On Ferguson and the killing of people of color by white police officers:
I am surprised, with all that’s been talked about with this issue for decades, at the language we use to discuss this. I would offer one simple adjustment to our thinking, which would potentially get us to finally address the issue at its source. We have a way of talking about this as in the passive tense rather than the active tense. I heard students at one of my recent visits to a college talk about how “I am in danger because of the color of my skin.” This is not true, you are in danger because of the mindset of the culture and mentality and actions of other people. The burden is not on you. It is on them. You are not being killed (passive tense), people are killing you (active tense). You can’t stop the passive tense, you can only stop the active tense. Stop the killing—then people will stop being killed.
– Click through for more –
My take differs from Ayo’s take
On “black•ish” (the TV Show):
I had reservations about this show and I was not overly impressed with the first episode. The writers did an okay job, good enough to give them more air time though. I didn’t feel the problem was a twisting of identities. The show is about mixed identity and that’s what makes it interesting.
On movies about painful parts of Back History:
I totally feel Ayo on her point here. I can relate because I can’t stand watching videos of people getting hurt. I also don’t like horror movies. And because I’m aware of people’s sensitive feelings and that painful news can trigger remembering other painful events, I try to limit painful news and painful history on my personal Facebook page. However, because it’s important to know the truth of current events and history I do post about painful news and history on some of my social media. I segment what I post.
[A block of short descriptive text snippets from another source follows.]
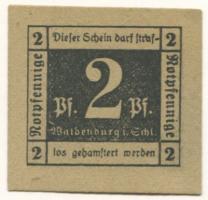 Waldenburg (heute: PL-Walbrzych) - Stadt - -- - 2 Pfennig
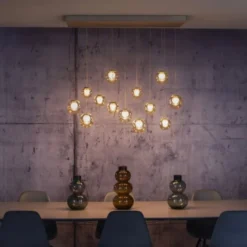 Neuhaus PURE® LED Pendelleuchte PURE Popup, bronce, 13-flammig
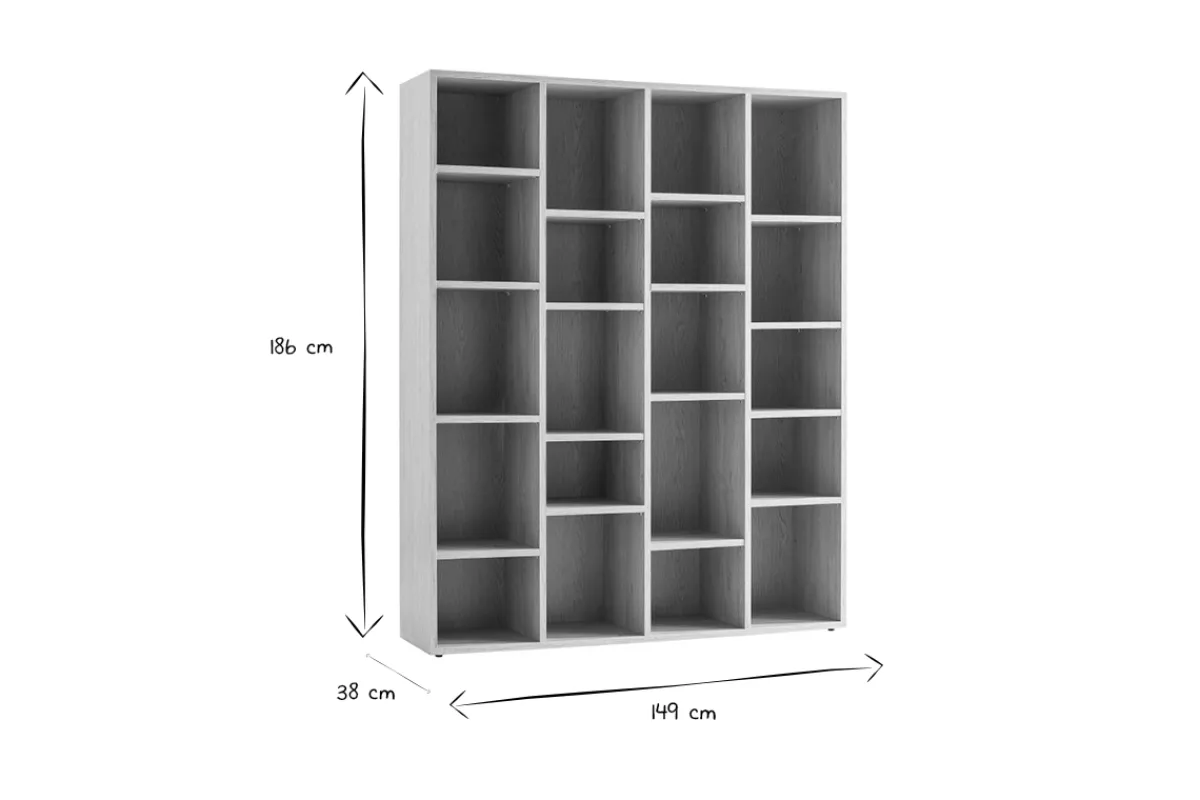 Miliboo Design-Bücherregal Holz eichefarben RYTHM* Bücherregale|Bücherregale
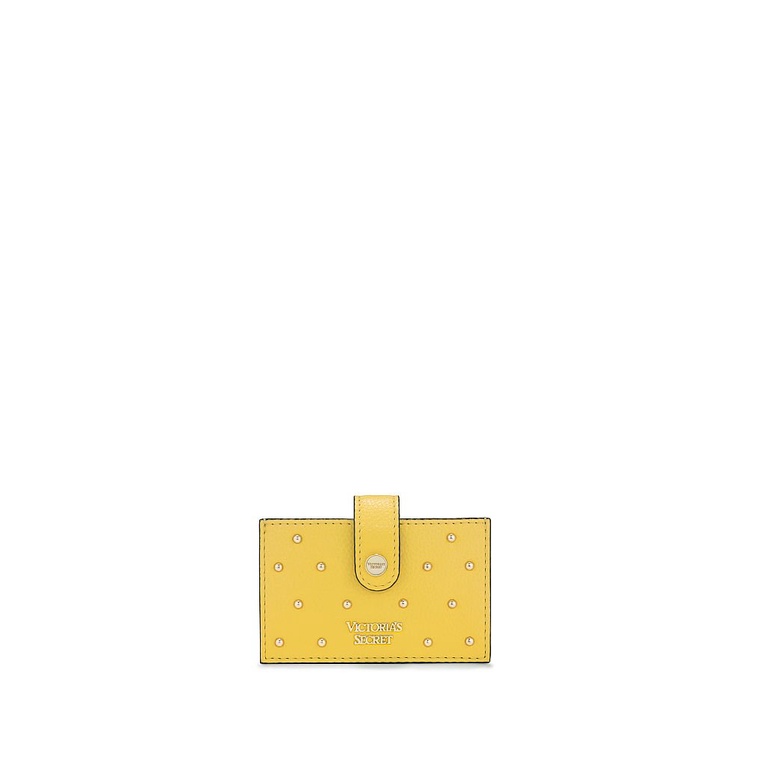 Victoria's Secret Studded Accordion Card Case ( Yellow ) Shopee
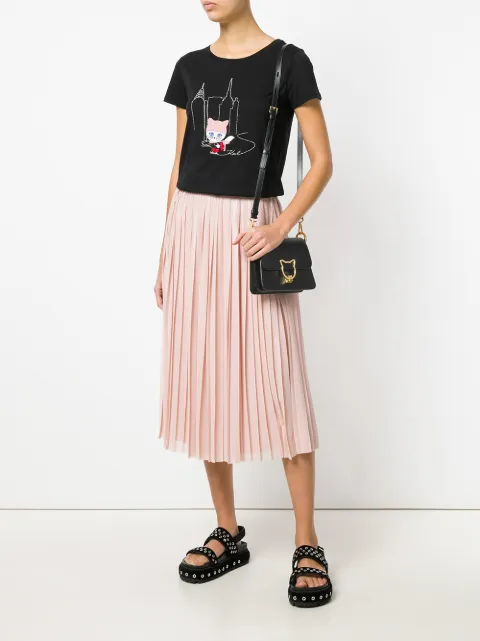 Karl Lagerfeld Cat Lock Cross Body Bag Farfetch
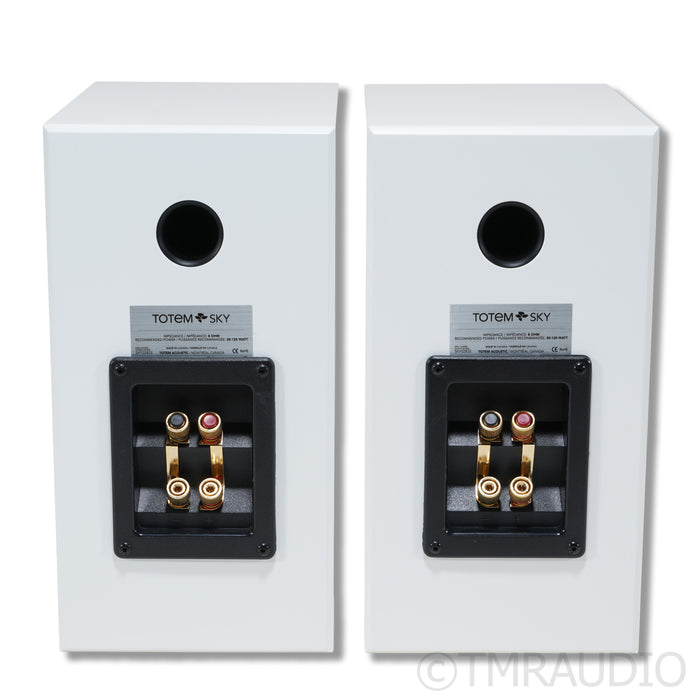 Totem Acoustic Sky Bookshelf Speakers; White Pair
I put oppressive stuff on my Oppression Monitor social sites and more positive or neutral posts on my Community Village social sites.
On “Dear White People” and Movies like it:
I thought I was not going to love this movie based on some of the previews I saw. However, the acting, directing, cinematography, lighting, hair, wardrobe and story as a whole were all excellent! And it’s a good movie to open discussions on fraternity segregation compared to housing segregation. Fraternities like to be grouped by common interests, whereas segregated housing off campus is highly problematic. This movie could also prompt great blog posts about interracial dating, interracial marriage, identity framing, society response to interracial dating / marriage and family response to interracial dating / marriage.
On “How to Get Away with Murder” and the “make-up and wig moment”:
I completely agree with Ayo. This scene was genius.